O sistema político imperial foi reformulado em 1951 com o Acto Colonial, Portugal é uno e indivisível, será a especificidade do caso português que na retórica procurará querer dizer que não há semelhanças entre o império português e as outras potências europeias. Valentim Alexandre recorda que a ideia de integração nacional imposta por decreto não irá contrariar o aparecimento da geração de Cabral que tinha como âncora a Casa dos Estudantes do Império. O trabalho forçado passara a ser visto com maus olhos nas instâncias internacionais.
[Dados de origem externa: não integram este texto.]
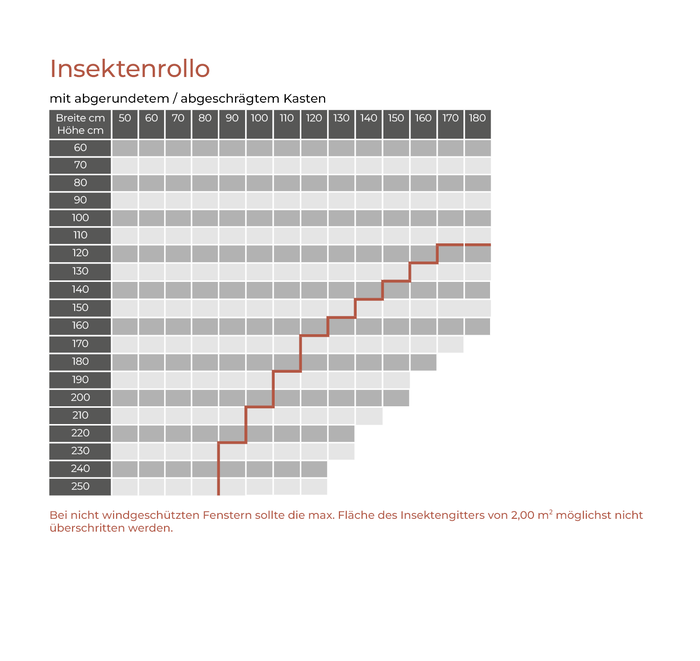 Insektenschutz-Rollo (Kasten eckig) 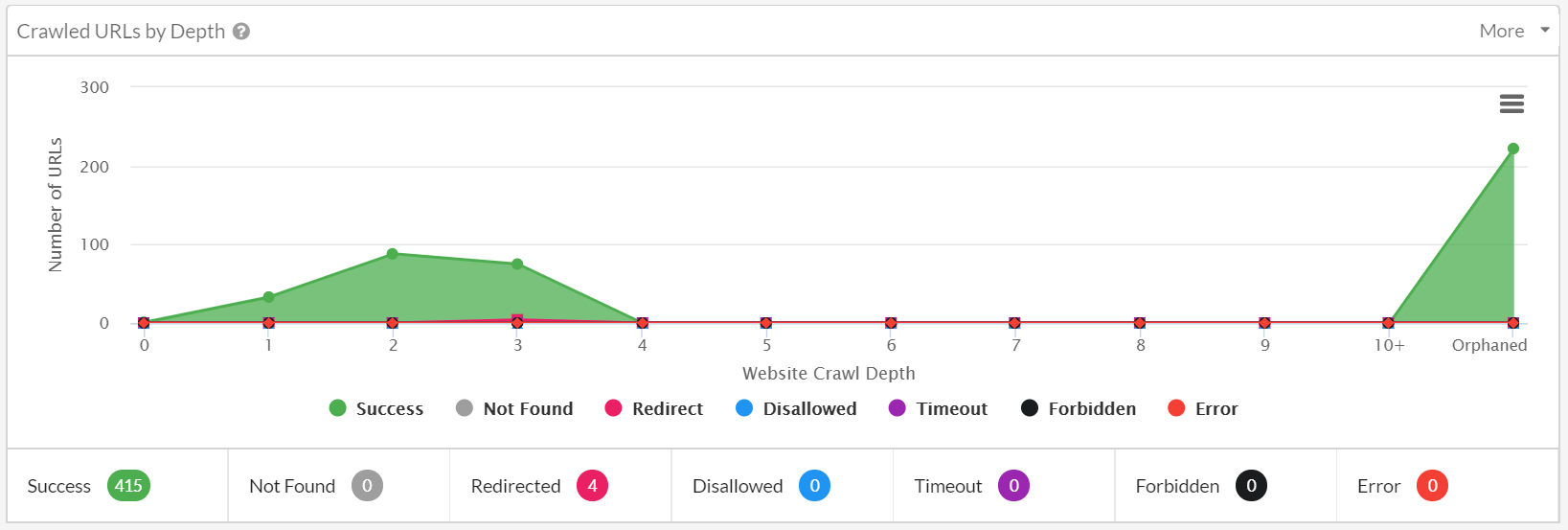 Sitebulb Crawl Beforehand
Henrique Galvão, no célebre Relatório que em 1947 apresentou na Assembleia Nacional, denunciou a extensão dos abusos e a desumanidade de mão-de-obra humana, eram parágrafos que incendiavam as consciências: “As autoridades castigam os chefes indígenas que não lhes apresentam o número exigido, tornam os sobas responsáveis pelos fugitivos, resolvem o caso mais drasticamente enviando os cipaios às povoações prender a torto e a direito até satisfação da quantidade. Os cipaios, por sua vez, fazem negócio com a missão que têm a cumprir, deixando escapar os que os gratificam (…) Se quisermos ser realistas, a situação é pelo menos tão desumana como era nos tempos da completa escravatura. Contudo, nesse tempo, o negro, comprado como um animal de trabalho, continuava a ser uma peça da propriedade pessoal que o seu dono tinha interesse em manter saudável e vigorosa, como fazia com o seu boi ou o seu cavalo. Atualmente, negro não é vendido mas simplesmente alugado ao Governo sem perder o rótulo de homem livre. O patrão importa-se pouco que o homem viva ou morra, desde que trabalhe enquanto puder; pois o patrão pode pedir que lhe forneçam outro trabalhador, se o primeiro ficar incapacitado ou se morrer. Há patrões que deixam morrer até 35% dos trabalhadores que recebem dos agentes governamentais durante aquilo a que se chama período do contrato de trabalho. Mas não há notícias de que a alguns deles tenham sido recusados novos trabalhadores para trabalharem nas mesmas condições”.

Mas não era só o trabalho forçado que servia de ónus à população nativa. Também a propriedade e posse de terra por parte dos indígenas estava em causa. O regime algodoeiro, por exemplo, era uma autêntica forma de escravatura, um contrato leonino a que o indígena ficava amarrado. Valentim Alexandre espraia-se sobre a queda de Dadrá e Nagar-Aveli. Quando a França deixa de poder aguentar a sua posição colonial em Pondichéry, retirou-se. O Estado da Índia é para Nehru o último escolho. Começa pelo mais fácil, toma conta de dois enclaves, houve uma imensa campanha nacional de protesto, a oposição portuguesa divide-se na resposta. É esse o tempo em que o PCP denuncia a campanha nacionalista como belicista ao invés de negociar com o povo indiano de Goa e com a União Indiana, Salazar estaria instigado pelos norte-americanos, queria um foco de guerra dentro do cenário que era o cerco à União Soviética e à China. O PCP denunciava a situação vivida nas colónias e procurava passar a ideia de que a natureza repressiva do Estado Novo o tornava especialmente inapto para resolver os problemas coloniais. O regime sente perder o pé junto do Vaticano: o Papa recebe Nehru em 8 de Julho de 1955, a questão de Goa irá atravessar um novo pico de tensão que culminará nos satiyagrahas de Agosto seguinte a manifestações aparentemente pacíficas de indianos que procurava ocupar o território, em jeito de invasão. A partir de então, Lisboa não tem ilusões: a qualquer momento haverá uma invasão, impossível de conter. A inquietante expectativa prolongar-se-á por anos.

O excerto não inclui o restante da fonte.